In Optuna, private methods and functions are also tested. Note that, unreasonable testing on the private API may cause the Fragile Tests problem especially when the API is still unstable. If an API is unstable or hard to test, it should be refactored with more testable design and architecture, instead of adding unreasonable, fragile test cases.

Testing utilities

Copying and pasting test code directly harms the code quality. To keep the code DRY, duplicated logic is abstracted and put in the optuna.testing module.

Reproducibility

A seed argument is provided if a sampler, pruner, or any other class/function has randomness. The reproducibility is tested in its unit tests. In principle, the reproducibility tests focus on only single-worker scenarios. Multi-worker scenarios need not be tested, because Optuna does not guarantee any reproducibility of parallel optimization.
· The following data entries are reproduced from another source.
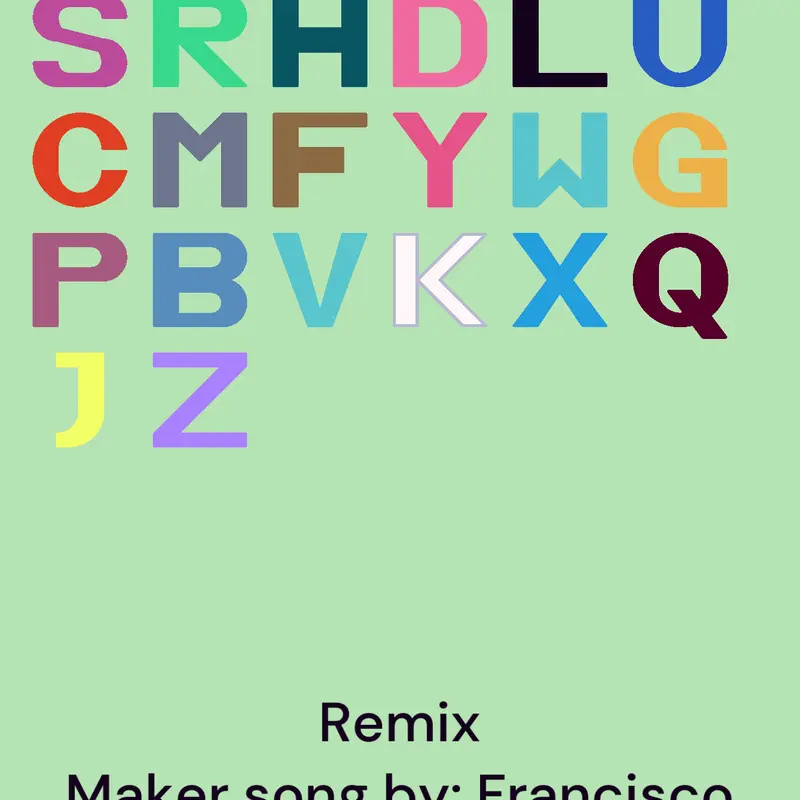 Alphabet by @Francisco2026Pyramixed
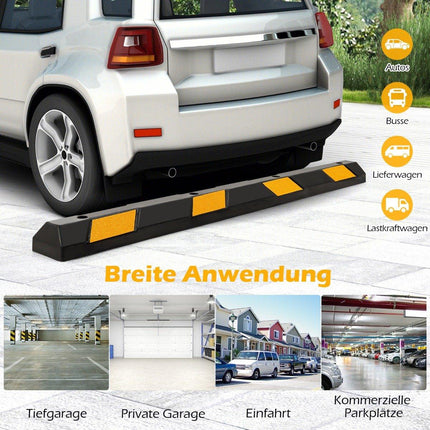 Rubber Parking Stopper, 183 cm, 4000 kg Capacity
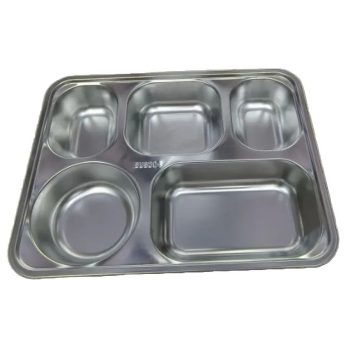 TÁLCA FÉM 5 RÉSZES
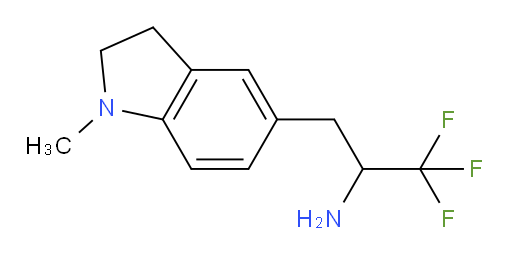 1,1,1-trifluoro-3-(1-methyl-2,3-dihydro-1H-indol-5-yl)propan-2-amine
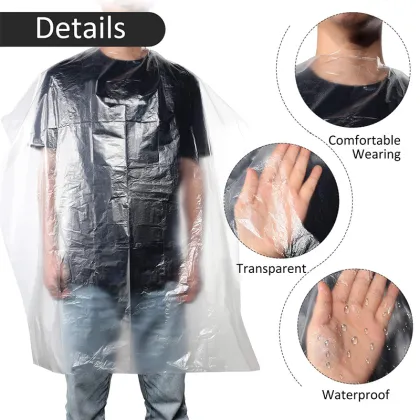 Disposable Barber Apron Waterproof Hairdressing Cape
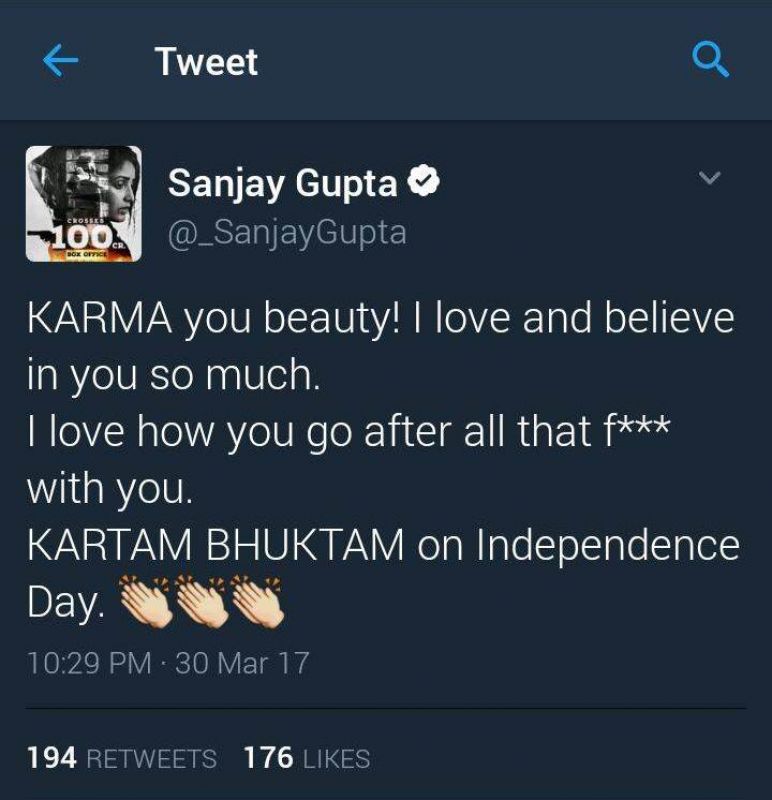 Sanjay Gupta takes jibe at Shah Rukh, deletes tweet after getting trolled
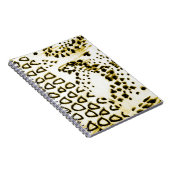 Herhaalbare slangenhuid. Gele Mode stijl. Wit Notitieboek (Rechterzijde)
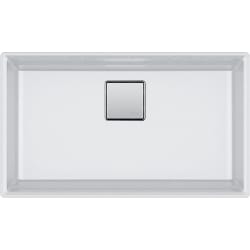 32 Inch Undermount Single Bowl Kitchen Sink  - Peak - Granite PKG11031PWT Granite Polar White view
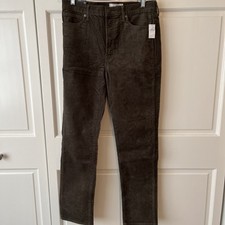 Gap Womens Vintage Slim High Rise Corduroy Pants Size 30/10 Tall
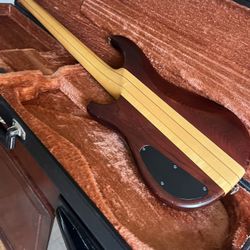 Vintage bass guitar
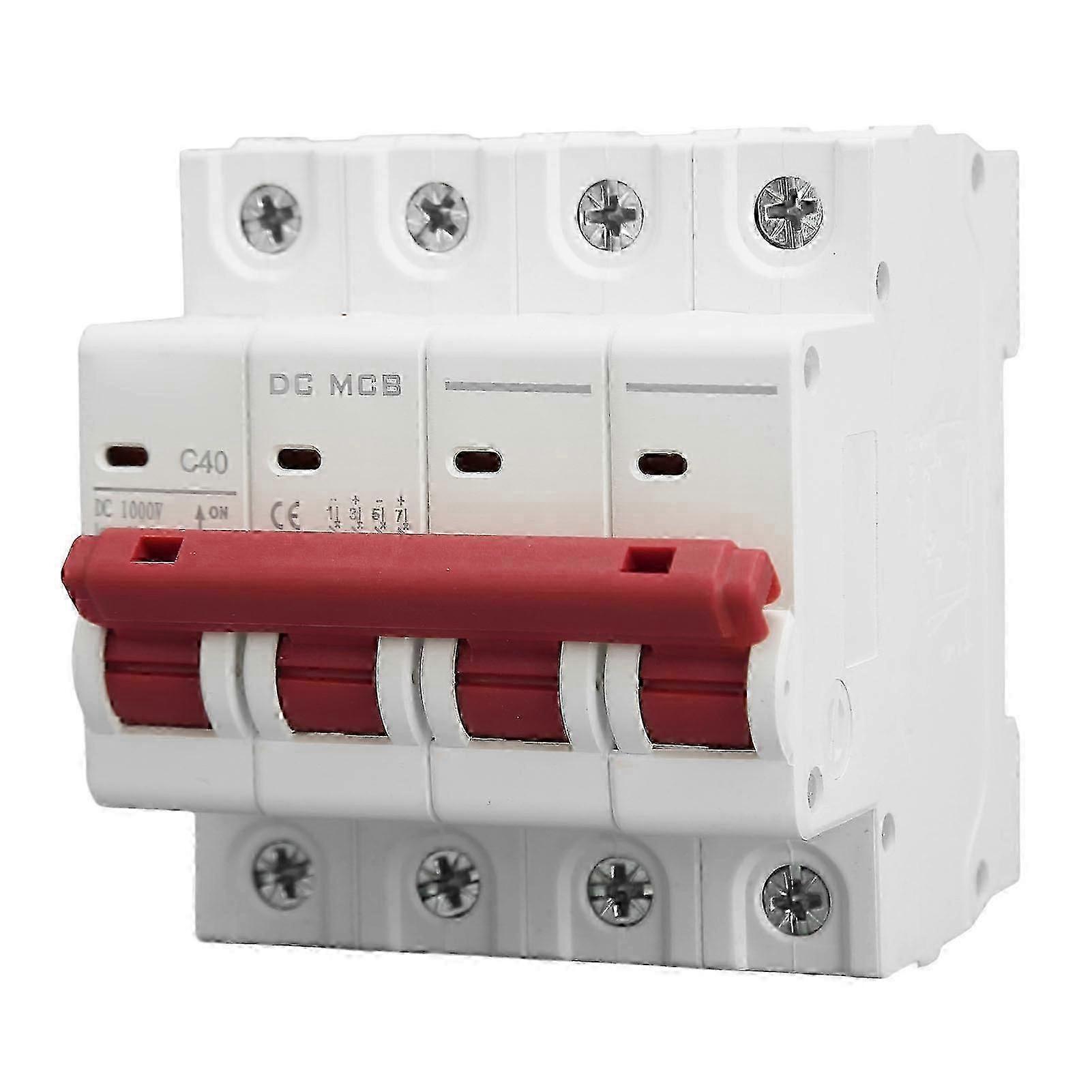 4P DC Circuit Breaker Arc Extinguishing Fast Decoupling Miniature Circuit Breaker for Solar PV System DZ47s 63Z DC 1000V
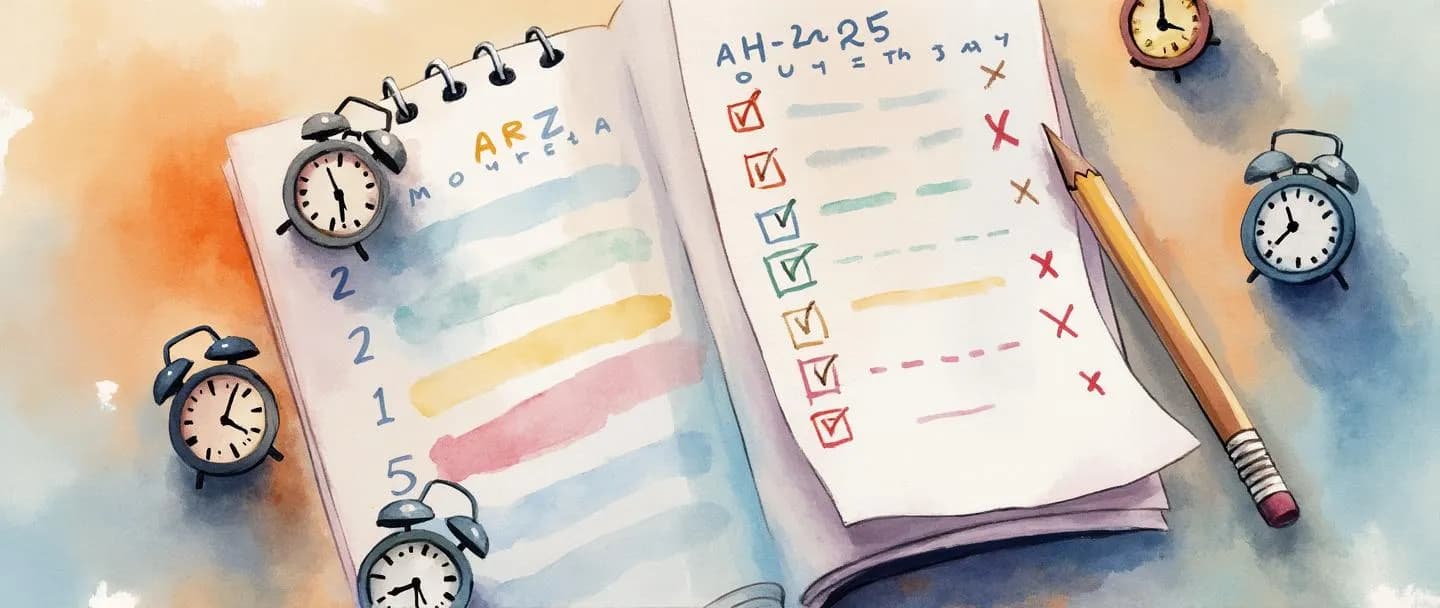 O que é calendário de planejamento?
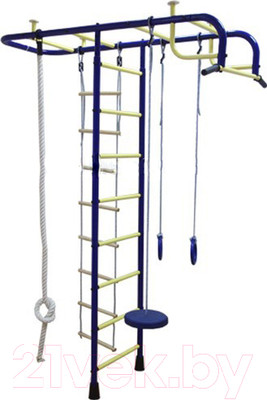 Детский спортивный комплекс Пионер М (синий/желтый)
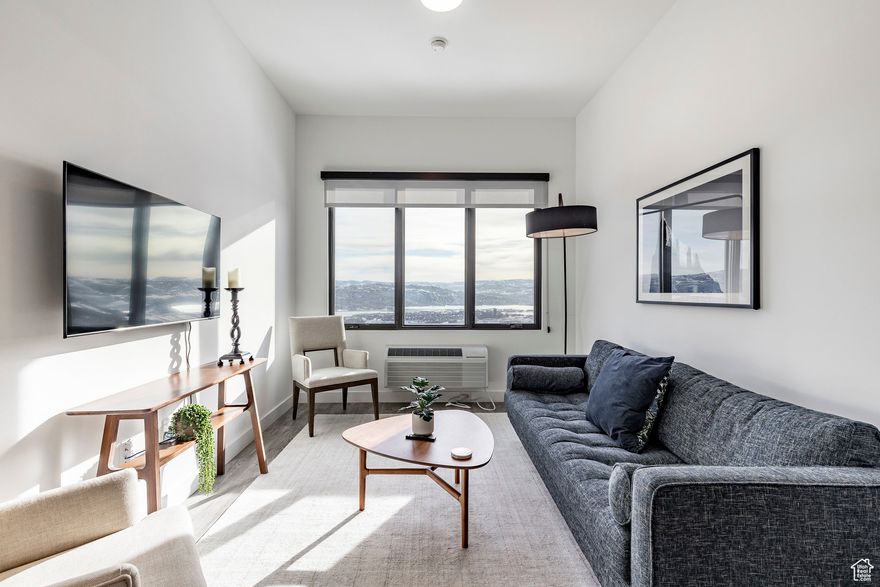 This bright and spacious 1-bedroom unit is ideally located on the top floor of the Baton building at Pioche Village, situated near the heart of the Deer Valley's East Village. Ski into Pioche Village and soak in the community's amenities that include hot tubs, oversized gym, ski lockers, bike storage, and lounge areas. Ski out via Deer Valley shuttle that stops steps from the Pioche Village, taking you directly to the Jordanelle Gondola. Designed with an open-concept floor plan, this unit maximizes space and functionality, offering plenty of room for both a cozy living and dining area. Families will love the kids' playroom and game rooms, while pet owners will appreciate the convenient dog wash station. With both long-term and short-term rental options available and an on-site property manager for seamless service, this condo offers the perfect blend of comfort, convenience, and investment potential. The purchase of this residence requires a purchase of a deeded parking spot in the Baton building garage, it will be conveyed on a separatebillof sale for $30,000.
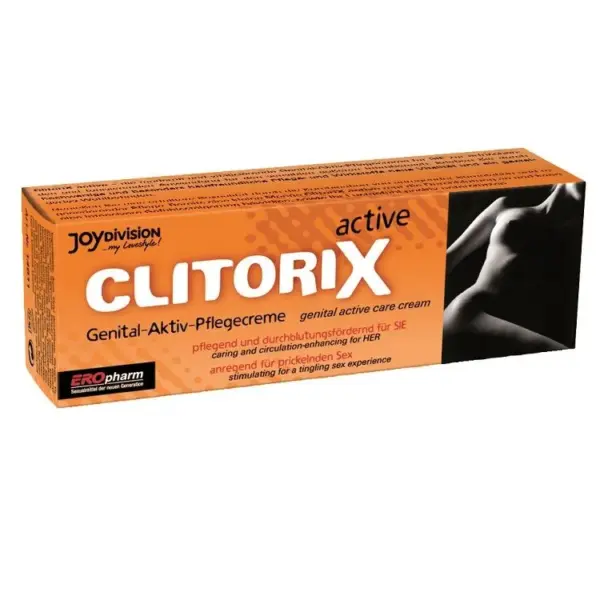 JOYDIVION EROPHARM - CLITORIX ACTIVE Crema Femenina 40ml para el Placer Femenino - Imagen 2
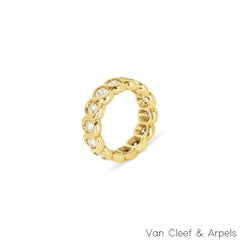 Van Cleef & Arpels Yellow Gold Diamond Eternity Wedding Band Ring 1.40 Cts
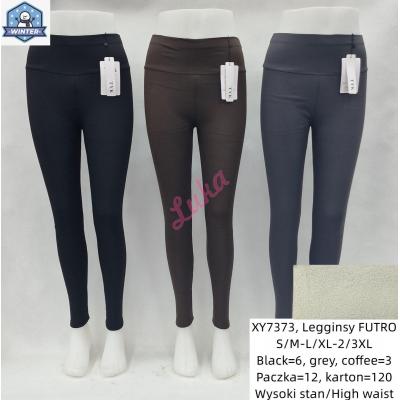 Legginsy damskie ocieplane Tyk xy7373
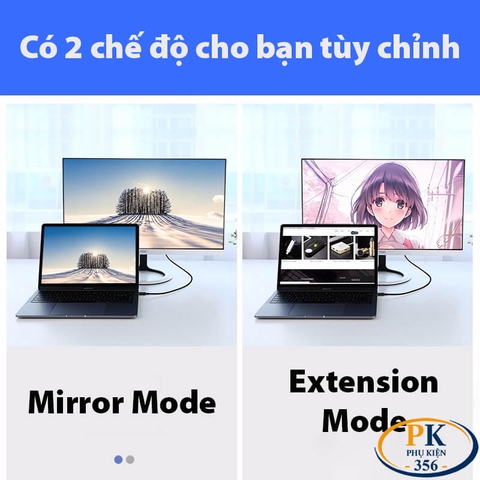 Cáp chuyển USB type-C sang Displayport 4K@60Hz MM139 chính hãng Ugreen 50994 dài 1.5M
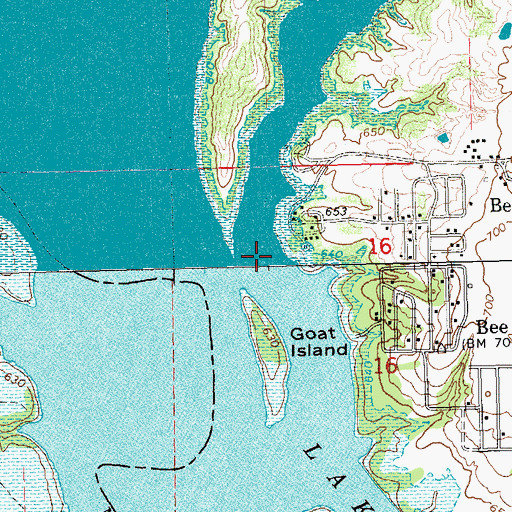 Topographic Map of Butcher Pen Creek, OK
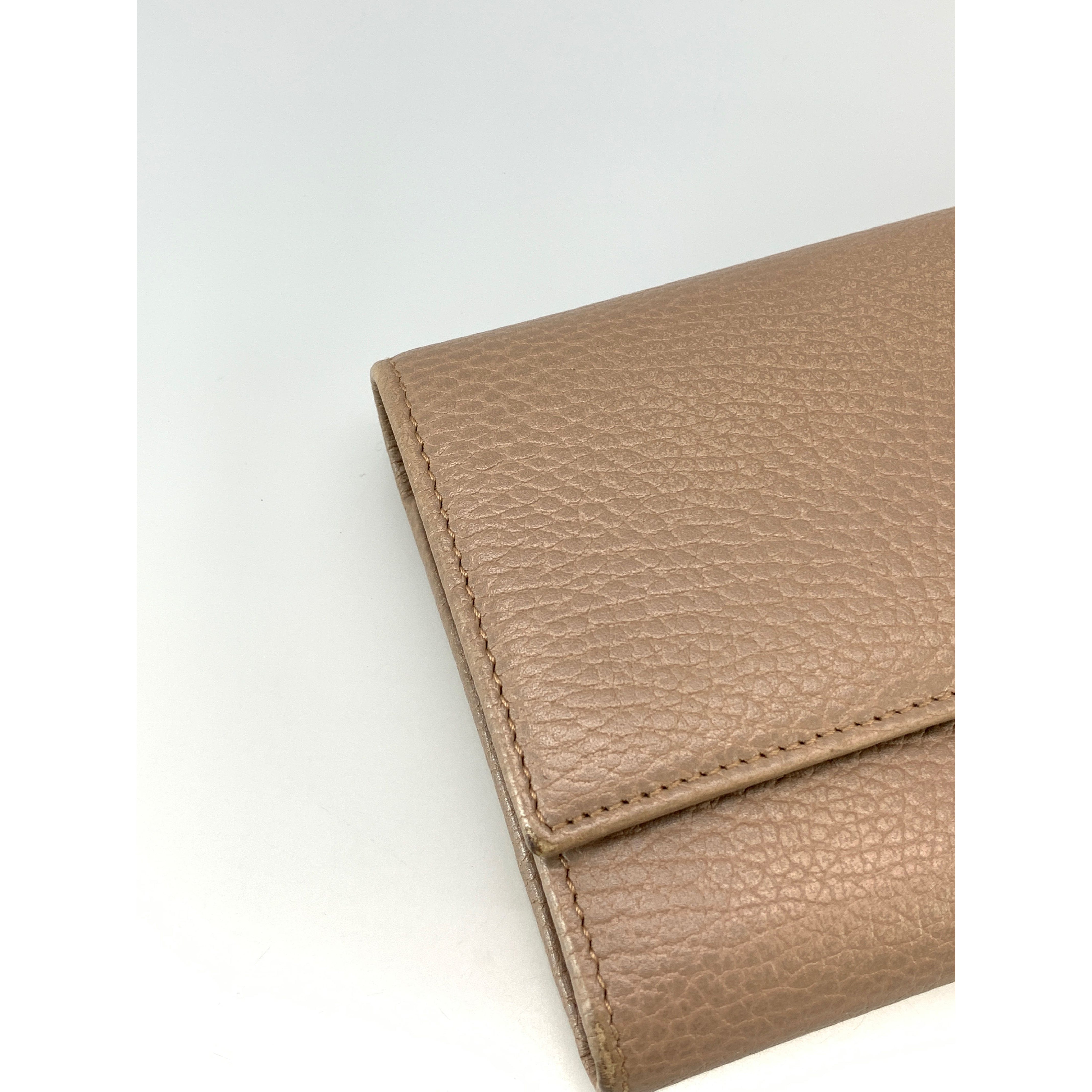 GUCCI/Long Wallet/Beige/Leather/Monogram/ view 6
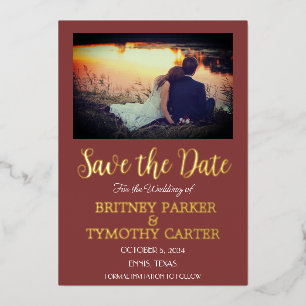 Modern QR Code Photo Wine Burgundy Wedding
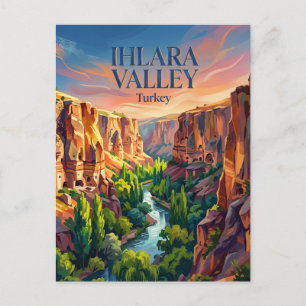 Carte Postale Vallée d'Ihlara Turquie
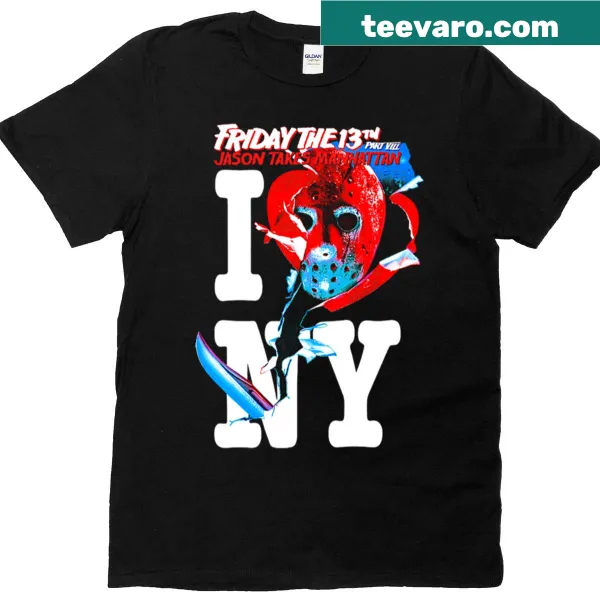 T-shirt featuring Jason Voorhees from Friday the 13th in horror style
In addition, the reproducibility of optimization performance is not covered with unit tests but with the performance benchmarks.

Coverage

A coverage report is uploaded to CodeCov for each pull request. Although we do not have a strict acceptance criteria of coverage scores, those values should be carefully checked to reconsider test cases and related software design, especially in the following cases:

  • the overall coverage score drastically decreases;
  • a class/module has extremely low coverage;
  • test cases do not cover specific branches of an if-statement.

Performance Testing

The optuna/benchmarks directory contains the scripts to evaluate optimization performance of sampling/pruning algorithms. Using those scripts, we try to ensure that no performance degradation occurs, whenever a pull request has any impact on existing Optuna algorithms. In addition, when a new algorithm is implemented, we compare its performances with those of existing algorithms and carefully discuss the advantages of merging the new one.

Visualization Modules

In Optuna, optuna.visualization modules are tested with unit testing and visual regression testing. Unit testing generally focuses on the verification of a small unit of source code, like a method or a function. Visual regression testing is better suited for verifying the entire logic, including visualization libraries such as plotly and matplotlib.